BEGIN Data supplied

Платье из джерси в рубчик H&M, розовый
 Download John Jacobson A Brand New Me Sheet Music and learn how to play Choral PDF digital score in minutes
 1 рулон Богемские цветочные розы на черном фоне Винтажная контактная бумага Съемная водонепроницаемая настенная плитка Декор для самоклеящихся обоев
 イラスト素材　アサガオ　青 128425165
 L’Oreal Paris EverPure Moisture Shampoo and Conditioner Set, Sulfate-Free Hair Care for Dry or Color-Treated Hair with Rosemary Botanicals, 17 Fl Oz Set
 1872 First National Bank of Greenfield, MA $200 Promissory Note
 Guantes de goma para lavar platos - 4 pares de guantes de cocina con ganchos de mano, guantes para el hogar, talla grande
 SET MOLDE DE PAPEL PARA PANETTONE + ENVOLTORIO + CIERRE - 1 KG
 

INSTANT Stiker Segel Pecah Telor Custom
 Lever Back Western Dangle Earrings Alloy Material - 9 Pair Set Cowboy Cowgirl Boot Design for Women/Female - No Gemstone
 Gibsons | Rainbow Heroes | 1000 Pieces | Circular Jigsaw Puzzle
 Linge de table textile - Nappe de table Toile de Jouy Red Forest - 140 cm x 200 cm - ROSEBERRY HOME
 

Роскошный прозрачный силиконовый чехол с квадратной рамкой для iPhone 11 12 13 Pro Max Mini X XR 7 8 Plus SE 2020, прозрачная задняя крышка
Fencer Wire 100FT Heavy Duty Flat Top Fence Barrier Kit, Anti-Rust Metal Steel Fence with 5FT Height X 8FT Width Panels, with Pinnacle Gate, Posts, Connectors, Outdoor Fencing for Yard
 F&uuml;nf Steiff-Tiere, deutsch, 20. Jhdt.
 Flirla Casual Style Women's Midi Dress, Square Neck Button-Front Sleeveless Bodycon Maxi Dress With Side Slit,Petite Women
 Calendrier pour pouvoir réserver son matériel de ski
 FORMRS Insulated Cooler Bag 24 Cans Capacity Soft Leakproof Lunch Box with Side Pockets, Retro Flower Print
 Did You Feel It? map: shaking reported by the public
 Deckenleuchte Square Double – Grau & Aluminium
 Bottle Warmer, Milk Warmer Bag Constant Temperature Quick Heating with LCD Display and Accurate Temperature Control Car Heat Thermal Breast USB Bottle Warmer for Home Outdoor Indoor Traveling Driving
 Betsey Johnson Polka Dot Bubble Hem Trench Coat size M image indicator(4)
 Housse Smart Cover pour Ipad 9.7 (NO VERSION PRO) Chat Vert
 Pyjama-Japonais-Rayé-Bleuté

END Data supplied

» Task item: Although the records may continue, retype only the lines from the first one through the one containing "L’Oreal Paris EverPure", exactly as they appear.

» Answer area:
Платье из джерси в рубчик H&M, розовый
 Download John Jacobson A Brand New Me Sheet Music and learn how to play Choral PDF digital score in minutes
 1 рулон Богемские цветочные розы на черном фоне Винтажная контактная бумага Съемная водонепроницаемая настенная плитка Декор для самоклеящихся обоев
 イラスト素材　アサガオ　青 128425165
 L’Oreal Paris EverPure Moisture Shampoo and Conditioner Set, Sulfate-Free Hair Care for Dry or Color-Treated Hair with Rosemary Botanicals, 17 Fl Oz Set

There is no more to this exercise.